DATA FOR PROCESSING: Begin

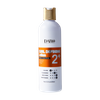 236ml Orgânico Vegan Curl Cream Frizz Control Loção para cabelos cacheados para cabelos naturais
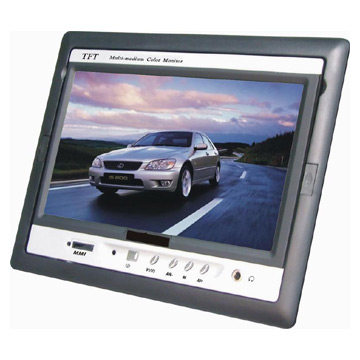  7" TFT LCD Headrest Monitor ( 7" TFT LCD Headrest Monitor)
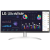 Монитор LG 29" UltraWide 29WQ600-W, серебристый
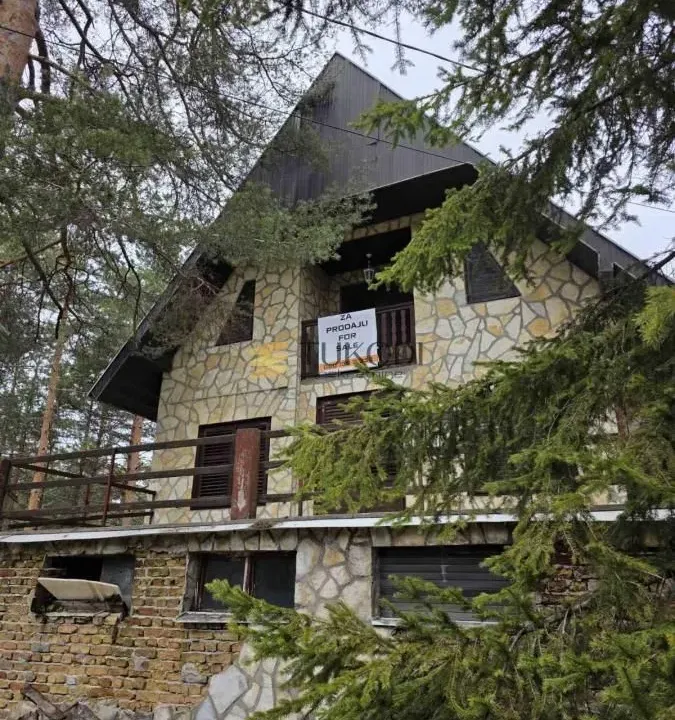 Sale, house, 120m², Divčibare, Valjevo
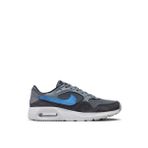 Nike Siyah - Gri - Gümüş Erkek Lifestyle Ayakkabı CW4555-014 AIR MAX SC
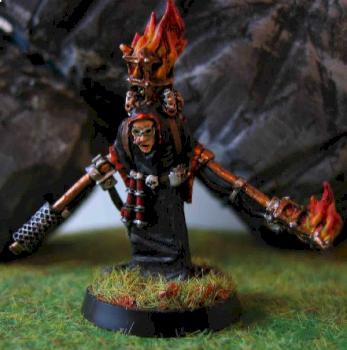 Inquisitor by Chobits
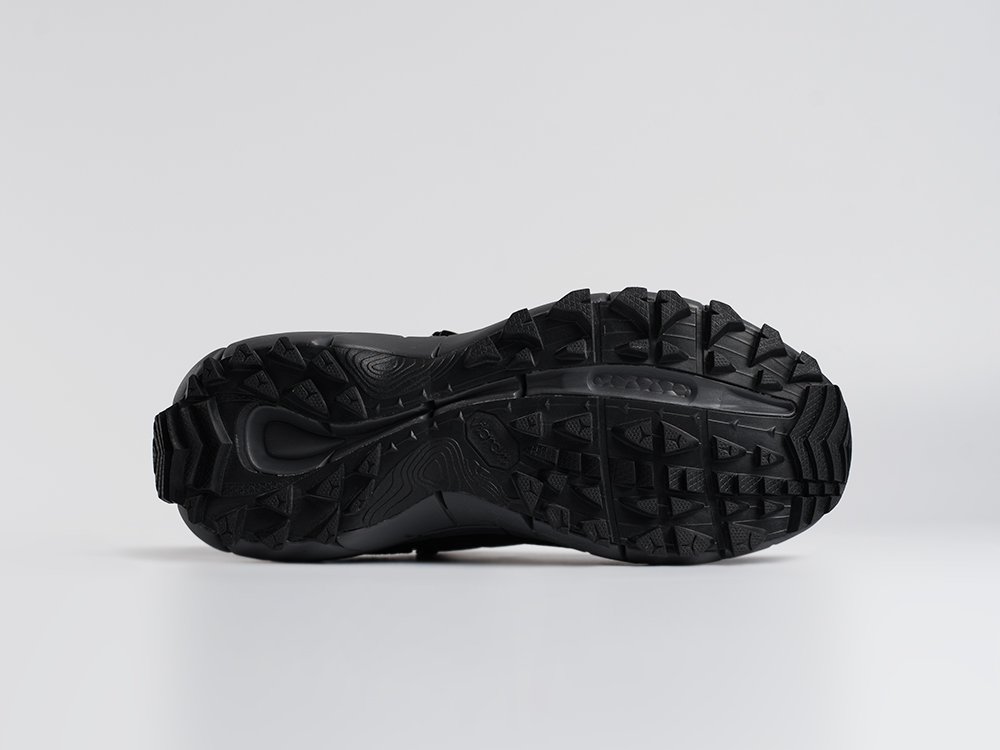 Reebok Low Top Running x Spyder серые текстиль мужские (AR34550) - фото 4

DATA FOR PROCESSING: End

> DESCRIPTION OF THE TASK: Give back the data exactly, with no images.

> RESPONSE TO THIS EXERCISE:
 236ml Orgânico Vegan Curl Cream Frizz Control Loção para cabelos cacheados para cabelos naturais
  7" TFT LCD Headrest Monitor ( 7" TFT LCD Headrest Monitor)
 Монитор LG 29" UltraWide 29WQ600-W, серебристый
 Sale, house, 120m², Divčibare, Valjevo
 Nike Siyah - Gri - Gümüş Erkek Lifestyle Ayakkabı CW4555-014 AIR MAX SC
 Inquisitor by Chobits
 Reebok Low Top Running x Spyder серые текстиль мужские (AR34550) - фото 4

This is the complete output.